*** Records for the exercise Section Begins ***
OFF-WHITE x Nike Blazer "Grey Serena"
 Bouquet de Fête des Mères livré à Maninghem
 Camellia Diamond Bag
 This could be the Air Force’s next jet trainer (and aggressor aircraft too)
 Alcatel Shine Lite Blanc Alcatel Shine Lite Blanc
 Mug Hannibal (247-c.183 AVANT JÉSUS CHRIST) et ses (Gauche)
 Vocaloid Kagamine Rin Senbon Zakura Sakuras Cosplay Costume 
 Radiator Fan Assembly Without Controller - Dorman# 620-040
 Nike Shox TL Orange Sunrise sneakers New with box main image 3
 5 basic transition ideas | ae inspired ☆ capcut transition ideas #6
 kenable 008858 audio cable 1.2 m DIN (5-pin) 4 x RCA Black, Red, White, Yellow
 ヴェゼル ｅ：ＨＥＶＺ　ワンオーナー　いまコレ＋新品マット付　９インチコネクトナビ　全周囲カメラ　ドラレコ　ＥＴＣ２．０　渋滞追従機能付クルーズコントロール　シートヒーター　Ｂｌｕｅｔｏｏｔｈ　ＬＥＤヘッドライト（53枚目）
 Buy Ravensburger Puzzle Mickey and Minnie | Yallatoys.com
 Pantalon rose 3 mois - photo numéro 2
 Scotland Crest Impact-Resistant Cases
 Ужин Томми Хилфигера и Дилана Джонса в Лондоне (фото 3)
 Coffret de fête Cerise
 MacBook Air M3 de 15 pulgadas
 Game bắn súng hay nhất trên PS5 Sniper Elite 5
*** Records for the exercise Section Ends ***
### Problem to solve:
Show all lines in the entries above where the word "Nike" appears.

### Solution:
OFF-WHITE x Nike Blazer "Grey Serena"
 Nike Shox TL Orange Sunrise sneakers New with box main image 3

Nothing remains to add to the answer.